In 1941 nam het – sinds jaren bestaande – voornemen van de stad een museum te Deinze in te richten steeds vastere vorm aan. Het zou een museum zijn uitsluitend voorbehouden aan het werk van kunstenaars uit de Leiestreek, met als kern het werk van de ‘Latemse’ kunstenaars, werkzaam in het dorp Sint-Martens-Latem. Beslissend was de schenking in 1942 van het magistrale werk ‘Bietenoogst’ van Emile Claus door zijn weduwe aan de stad.
Op 7 maart 1942 was de oprichting van het Stedelijk Museum een feit. Een dergelijk regionaal museum was het eerste van die aard en met deze opzet in het land. De Staat verklaarde zich bereid uit zijn kunstverzameling werken in bruikleen af te staan. Ook de Oudheidkundige Kring stond zijn kunstwerken in bruikleen af, doch behield de oudheidkundige objecten en archivalia. De collectie van de stad Deinze en de verzameling van de Kring werden tentoongesteld in een neogotisch gebouw aan de kerk van Deinze.

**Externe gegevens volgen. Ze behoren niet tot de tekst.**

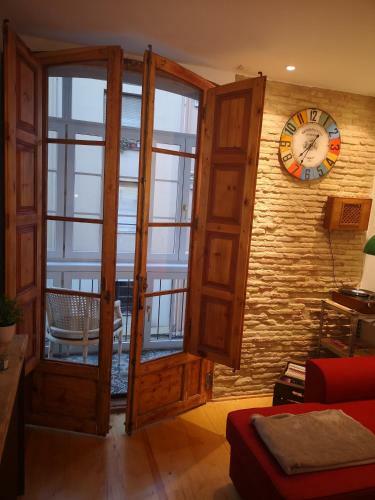 Apartamento El Capricho de Sagasta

De kunstverzameling groeide dankzij aankopen en milde schenkers voortdurend aan, zodat al spoedig de idee ontstond een nieuw museum te bouwen. In 1968 werden reeds plannen ontworpen, die echter slechts definitieve vorm kregen in 1977. Op 28 november 1981 werd plechtig het nieuwe museum geopend, dat gelegen is vlakbij het centrum van de stad en langs de Leie. Het was het eerste gebouw met een specifieke museumfunctie dat sinds de Tweede Wereldoorlog in België werd opgetrokken. Het museum bevat nog steeds de oorspronkelijke twee afdelingen: deze van plastische kunsten en deze van volkskunde.

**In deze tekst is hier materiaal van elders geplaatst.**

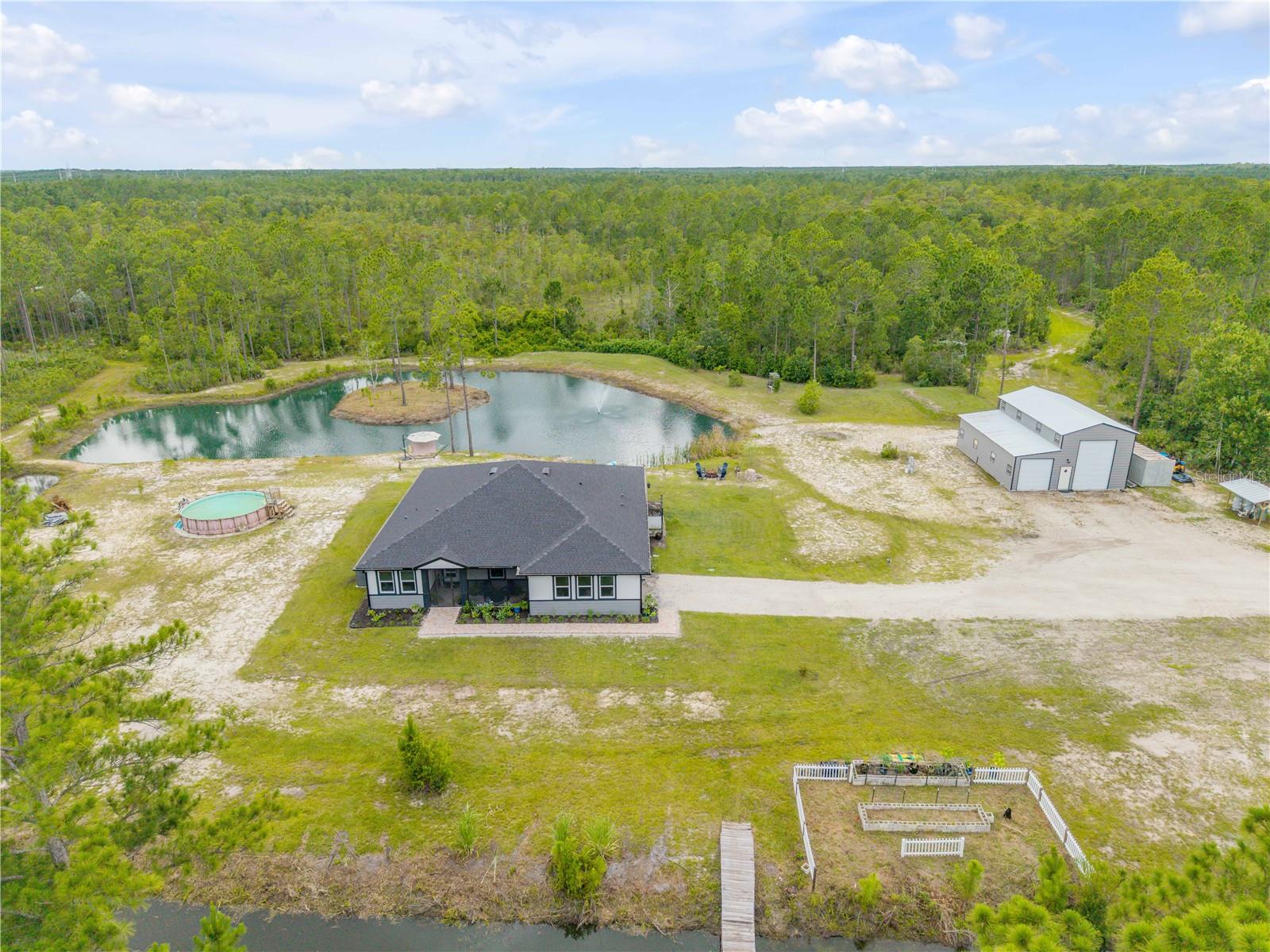 300 Omega Ranch Rd Property Photo 79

De collectie van het huidige ‘Museum van Deinze en de Leiestreek’ bestaat -zoals de bedoeling was bij de oprichting – enkel uit werken gemaakt door kunstenaars die gewoond en/of gewerkt hebben in de streek rond de Leie. Deze geografische beperking is een bewuste en doordachte keuze geweest. Door die begrenzing doet zich binnen de verzameling geen versnippering voor, hetgeen aangewezen is voor een eerder klein museum. Dit maakt van het Museum van Deinze een streekmuseum, doch met een nationale en zelfs internationale uitstraling.